GIVEN RECORDS:
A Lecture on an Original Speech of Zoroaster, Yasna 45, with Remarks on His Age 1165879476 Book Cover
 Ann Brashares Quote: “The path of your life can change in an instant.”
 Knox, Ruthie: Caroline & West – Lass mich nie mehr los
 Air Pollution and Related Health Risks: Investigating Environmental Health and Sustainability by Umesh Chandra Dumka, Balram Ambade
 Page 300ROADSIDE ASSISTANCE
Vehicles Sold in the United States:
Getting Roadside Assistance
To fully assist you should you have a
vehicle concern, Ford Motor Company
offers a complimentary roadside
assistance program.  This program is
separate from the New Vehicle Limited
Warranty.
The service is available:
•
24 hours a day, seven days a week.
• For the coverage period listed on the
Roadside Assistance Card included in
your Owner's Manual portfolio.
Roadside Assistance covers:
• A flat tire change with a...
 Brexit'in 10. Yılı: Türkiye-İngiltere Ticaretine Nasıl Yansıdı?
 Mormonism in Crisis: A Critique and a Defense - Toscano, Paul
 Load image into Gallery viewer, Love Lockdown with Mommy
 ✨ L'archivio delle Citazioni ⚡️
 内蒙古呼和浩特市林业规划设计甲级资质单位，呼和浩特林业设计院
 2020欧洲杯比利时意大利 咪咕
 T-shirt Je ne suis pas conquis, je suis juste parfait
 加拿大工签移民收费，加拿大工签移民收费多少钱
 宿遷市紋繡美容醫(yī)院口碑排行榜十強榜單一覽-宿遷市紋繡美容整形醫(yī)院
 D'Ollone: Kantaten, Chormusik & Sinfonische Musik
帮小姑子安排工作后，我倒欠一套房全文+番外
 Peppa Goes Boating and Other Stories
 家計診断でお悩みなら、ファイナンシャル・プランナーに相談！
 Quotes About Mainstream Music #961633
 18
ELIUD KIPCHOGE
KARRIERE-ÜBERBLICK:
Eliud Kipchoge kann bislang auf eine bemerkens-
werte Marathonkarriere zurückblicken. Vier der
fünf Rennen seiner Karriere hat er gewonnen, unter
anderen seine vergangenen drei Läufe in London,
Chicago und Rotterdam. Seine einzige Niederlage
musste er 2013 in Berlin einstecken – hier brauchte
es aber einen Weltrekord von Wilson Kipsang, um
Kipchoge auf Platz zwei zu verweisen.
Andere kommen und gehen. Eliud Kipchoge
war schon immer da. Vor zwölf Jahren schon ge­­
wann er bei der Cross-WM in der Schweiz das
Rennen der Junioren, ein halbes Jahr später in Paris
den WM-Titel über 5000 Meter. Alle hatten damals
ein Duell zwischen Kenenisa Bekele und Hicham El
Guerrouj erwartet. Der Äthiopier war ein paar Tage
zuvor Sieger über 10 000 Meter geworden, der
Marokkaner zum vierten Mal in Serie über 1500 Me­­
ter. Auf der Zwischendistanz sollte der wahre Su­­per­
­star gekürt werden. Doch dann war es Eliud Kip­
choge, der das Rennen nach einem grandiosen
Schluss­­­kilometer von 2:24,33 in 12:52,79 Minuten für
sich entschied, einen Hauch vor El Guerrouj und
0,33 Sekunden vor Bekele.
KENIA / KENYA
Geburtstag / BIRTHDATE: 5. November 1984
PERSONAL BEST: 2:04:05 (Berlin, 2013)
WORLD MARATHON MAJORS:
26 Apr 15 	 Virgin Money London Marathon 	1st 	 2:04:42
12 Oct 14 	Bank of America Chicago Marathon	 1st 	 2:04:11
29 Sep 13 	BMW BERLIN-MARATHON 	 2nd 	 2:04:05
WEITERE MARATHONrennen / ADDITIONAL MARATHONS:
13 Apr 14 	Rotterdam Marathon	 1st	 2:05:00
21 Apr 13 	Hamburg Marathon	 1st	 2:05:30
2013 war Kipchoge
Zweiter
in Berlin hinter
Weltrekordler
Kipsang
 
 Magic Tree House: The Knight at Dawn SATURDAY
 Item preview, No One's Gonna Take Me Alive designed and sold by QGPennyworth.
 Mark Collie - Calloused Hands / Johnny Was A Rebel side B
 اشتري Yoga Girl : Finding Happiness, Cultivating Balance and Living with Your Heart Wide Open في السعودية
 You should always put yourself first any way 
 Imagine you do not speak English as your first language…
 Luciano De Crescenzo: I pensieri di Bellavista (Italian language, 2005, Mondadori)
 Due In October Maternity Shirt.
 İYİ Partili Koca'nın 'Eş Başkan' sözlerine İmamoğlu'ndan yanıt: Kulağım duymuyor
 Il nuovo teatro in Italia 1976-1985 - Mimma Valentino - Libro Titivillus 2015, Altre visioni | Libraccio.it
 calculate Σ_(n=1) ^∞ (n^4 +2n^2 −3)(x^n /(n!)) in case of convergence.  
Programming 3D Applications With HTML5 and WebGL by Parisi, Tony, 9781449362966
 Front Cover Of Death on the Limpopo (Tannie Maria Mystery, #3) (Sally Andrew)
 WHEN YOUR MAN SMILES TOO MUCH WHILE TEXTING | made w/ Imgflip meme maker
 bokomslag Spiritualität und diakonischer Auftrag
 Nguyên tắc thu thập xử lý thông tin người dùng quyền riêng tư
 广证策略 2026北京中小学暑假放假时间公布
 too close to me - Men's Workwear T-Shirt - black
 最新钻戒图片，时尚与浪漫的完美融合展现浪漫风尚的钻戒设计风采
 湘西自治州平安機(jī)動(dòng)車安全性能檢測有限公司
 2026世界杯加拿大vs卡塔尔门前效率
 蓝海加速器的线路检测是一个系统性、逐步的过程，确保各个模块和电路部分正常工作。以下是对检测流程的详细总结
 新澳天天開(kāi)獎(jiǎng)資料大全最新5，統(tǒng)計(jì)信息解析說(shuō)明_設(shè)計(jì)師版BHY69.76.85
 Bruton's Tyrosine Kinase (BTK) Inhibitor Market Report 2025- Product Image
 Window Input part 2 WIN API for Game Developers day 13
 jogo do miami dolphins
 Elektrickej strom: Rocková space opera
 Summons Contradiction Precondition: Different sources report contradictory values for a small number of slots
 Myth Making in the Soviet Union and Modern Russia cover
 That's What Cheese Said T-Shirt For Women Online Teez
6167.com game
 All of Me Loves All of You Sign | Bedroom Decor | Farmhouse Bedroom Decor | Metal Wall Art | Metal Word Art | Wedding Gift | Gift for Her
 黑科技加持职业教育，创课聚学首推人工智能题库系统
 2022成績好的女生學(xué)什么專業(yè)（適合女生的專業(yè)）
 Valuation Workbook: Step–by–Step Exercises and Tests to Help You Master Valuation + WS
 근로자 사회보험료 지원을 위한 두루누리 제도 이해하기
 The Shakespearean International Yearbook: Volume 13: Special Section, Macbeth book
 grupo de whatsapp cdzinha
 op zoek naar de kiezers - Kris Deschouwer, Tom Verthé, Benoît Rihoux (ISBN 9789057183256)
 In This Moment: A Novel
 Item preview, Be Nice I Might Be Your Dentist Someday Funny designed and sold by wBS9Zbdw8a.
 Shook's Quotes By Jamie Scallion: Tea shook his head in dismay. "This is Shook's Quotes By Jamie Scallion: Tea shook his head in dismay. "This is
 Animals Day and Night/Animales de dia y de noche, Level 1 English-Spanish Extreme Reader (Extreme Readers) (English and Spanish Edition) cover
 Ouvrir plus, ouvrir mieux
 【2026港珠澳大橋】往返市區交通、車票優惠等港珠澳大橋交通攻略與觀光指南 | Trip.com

PROBLEM TO WORK ON:
Copy out each line in the listing that has the word "Item".

OUTPUT FOR THIS TASK:
 Item preview, No One's Gonna Take Me Alive designed and sold by QGPennyworth.
 Item preview, Be Nice I Might Be Your Dentist Someday Funny designed and sold by wBS9Zbdw8a.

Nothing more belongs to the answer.